== DATASET RECORDS ==

----

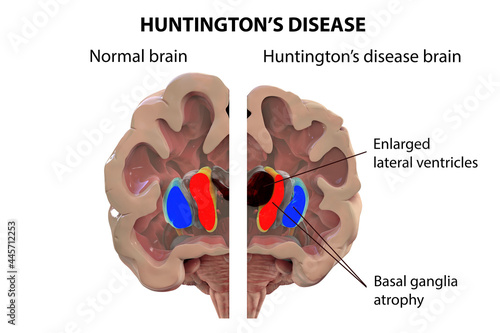 Coronal section of a brain of a person with Huntington's disease photo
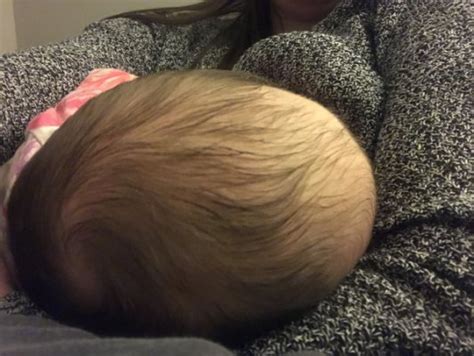 Help Elongated Baby Head Shape Babycenter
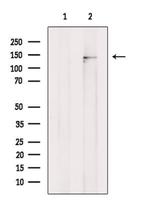 KCNT1 Polyclonal Antibody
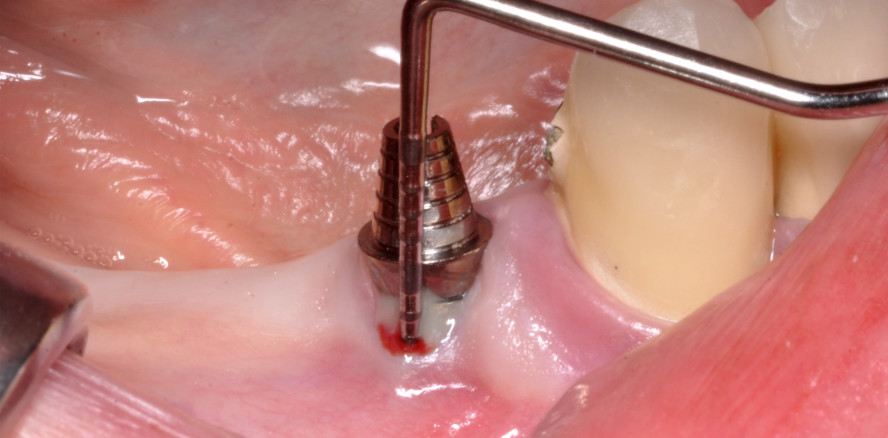 Chirurgische Periimplantitistherapie von Implantatoberflächen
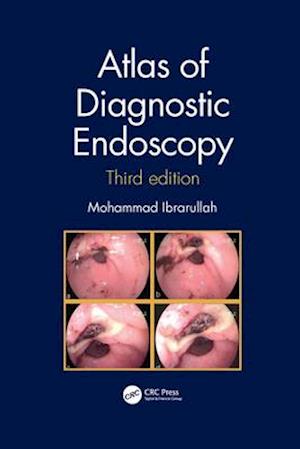 Atlas of Diagnostic Endoscopy, 3E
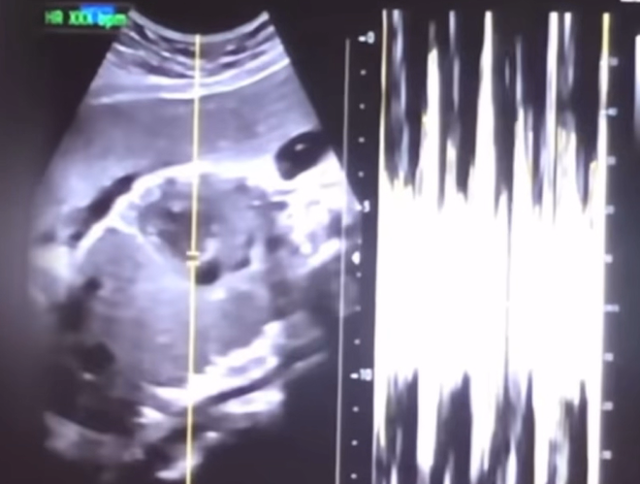36주 차 산모 권모씨의 유튜브 동영상에 담겨 있던 초음파 사진과 심박 그래프. 서울중앙지검 제공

----

== ASSIGNED TASK ==
This task calls for an exact copy of the data above, without pictures.

== EXERCISE RESULT ==
 Coronal section of a brain of a person with Huntington's disease photo
 Help Elongated Baby Head Shape Babycenter
 KCNT1 Polyclonal Antibody
 Chirurgische Periimplantitistherapie von Implantatoberflächen
 Atlas of Diagnostic Endoscopy, 3E
36주 차 산모 권모씨의 유튜브 동영상에 담겨 있던 초음파 사진과 심박 그래프. 서울중앙지검 제공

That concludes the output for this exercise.